Exercise aim. The expected output is the line with "7544 S 129th Place Seattle WA 98178" followed by every remaining line of the entries, all repeated exactly.

Available records.
◇ ◇ ◇

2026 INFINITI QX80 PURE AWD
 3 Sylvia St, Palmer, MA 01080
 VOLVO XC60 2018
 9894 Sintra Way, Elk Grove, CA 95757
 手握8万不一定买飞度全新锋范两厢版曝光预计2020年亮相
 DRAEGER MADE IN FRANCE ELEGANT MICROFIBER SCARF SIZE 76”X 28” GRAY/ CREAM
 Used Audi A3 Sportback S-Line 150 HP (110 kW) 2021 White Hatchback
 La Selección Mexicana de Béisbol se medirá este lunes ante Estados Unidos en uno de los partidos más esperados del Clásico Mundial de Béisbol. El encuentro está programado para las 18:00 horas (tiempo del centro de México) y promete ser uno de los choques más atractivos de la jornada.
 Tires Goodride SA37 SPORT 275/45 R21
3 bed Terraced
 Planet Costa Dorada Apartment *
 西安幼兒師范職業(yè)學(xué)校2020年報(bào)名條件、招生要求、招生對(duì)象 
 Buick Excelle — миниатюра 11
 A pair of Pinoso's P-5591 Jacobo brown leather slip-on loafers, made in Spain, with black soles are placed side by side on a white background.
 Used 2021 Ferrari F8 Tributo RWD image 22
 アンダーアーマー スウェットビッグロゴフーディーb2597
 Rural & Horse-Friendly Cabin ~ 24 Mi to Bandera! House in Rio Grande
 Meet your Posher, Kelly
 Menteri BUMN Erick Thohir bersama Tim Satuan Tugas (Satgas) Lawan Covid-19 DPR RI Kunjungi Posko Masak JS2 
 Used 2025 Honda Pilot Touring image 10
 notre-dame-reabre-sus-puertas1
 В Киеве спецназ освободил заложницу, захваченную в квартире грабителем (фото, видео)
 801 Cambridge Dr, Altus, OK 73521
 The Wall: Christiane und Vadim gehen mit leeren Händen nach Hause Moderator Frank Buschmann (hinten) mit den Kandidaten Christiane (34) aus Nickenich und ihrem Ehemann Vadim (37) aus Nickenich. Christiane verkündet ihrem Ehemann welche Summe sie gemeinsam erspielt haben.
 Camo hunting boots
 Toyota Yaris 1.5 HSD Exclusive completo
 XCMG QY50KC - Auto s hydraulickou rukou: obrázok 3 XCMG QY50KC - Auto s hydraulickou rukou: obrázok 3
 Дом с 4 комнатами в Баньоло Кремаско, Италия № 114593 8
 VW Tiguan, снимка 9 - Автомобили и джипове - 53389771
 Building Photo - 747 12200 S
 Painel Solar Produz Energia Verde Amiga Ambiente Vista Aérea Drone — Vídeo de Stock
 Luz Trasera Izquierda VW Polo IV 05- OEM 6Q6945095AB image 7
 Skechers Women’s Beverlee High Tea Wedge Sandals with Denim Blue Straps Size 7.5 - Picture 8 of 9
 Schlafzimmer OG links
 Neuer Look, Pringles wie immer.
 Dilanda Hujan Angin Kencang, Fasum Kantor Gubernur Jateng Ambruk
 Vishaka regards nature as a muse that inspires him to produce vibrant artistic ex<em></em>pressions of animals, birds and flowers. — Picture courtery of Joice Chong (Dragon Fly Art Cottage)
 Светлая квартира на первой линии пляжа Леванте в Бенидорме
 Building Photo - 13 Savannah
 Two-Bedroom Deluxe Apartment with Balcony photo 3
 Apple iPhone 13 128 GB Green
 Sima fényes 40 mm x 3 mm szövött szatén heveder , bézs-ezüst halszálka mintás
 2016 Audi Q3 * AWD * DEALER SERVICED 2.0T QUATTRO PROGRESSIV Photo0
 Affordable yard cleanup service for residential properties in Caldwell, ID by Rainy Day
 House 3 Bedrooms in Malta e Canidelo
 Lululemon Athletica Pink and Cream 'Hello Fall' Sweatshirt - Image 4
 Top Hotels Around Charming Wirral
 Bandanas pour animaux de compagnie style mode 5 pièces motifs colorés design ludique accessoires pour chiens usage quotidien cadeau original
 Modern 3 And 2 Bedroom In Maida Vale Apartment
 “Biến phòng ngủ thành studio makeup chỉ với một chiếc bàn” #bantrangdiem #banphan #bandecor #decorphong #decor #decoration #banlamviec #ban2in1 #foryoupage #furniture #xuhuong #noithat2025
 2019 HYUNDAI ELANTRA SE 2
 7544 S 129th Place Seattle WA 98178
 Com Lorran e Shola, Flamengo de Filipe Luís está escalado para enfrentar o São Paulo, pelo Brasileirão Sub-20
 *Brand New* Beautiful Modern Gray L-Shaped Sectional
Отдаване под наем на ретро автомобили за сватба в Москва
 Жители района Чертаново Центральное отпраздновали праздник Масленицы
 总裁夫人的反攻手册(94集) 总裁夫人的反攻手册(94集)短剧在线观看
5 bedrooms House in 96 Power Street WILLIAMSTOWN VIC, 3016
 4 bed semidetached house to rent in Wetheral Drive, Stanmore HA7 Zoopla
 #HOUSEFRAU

◇ ◇ ◇

Answer space.
 7544 S 129th Place Seattle WA 98178
 Com Lorran e Shola, Flamengo de Filipe Luís está escalado para enfrentar o São Paulo, pelo Brasileirão Sub-20
 *Brand New* Beautiful Modern Gray L-Shaped Sectional
Отдаване под наем на ретро автомобили за сватба в Москва
 Жители района Чертаново Центральное отпраздновали праздник Масленицы
 总裁夫人的反攻手册(94集) 总裁夫人的反攻手册(94集)短剧在线观看
5 bedrooms House in 96 Power Street WILLIAMSTOWN VIC, 3016
 4 bed semidetached house to rent in Wetheral Drive, Stanmore HA7 Zoopla
 #HOUSEFRAU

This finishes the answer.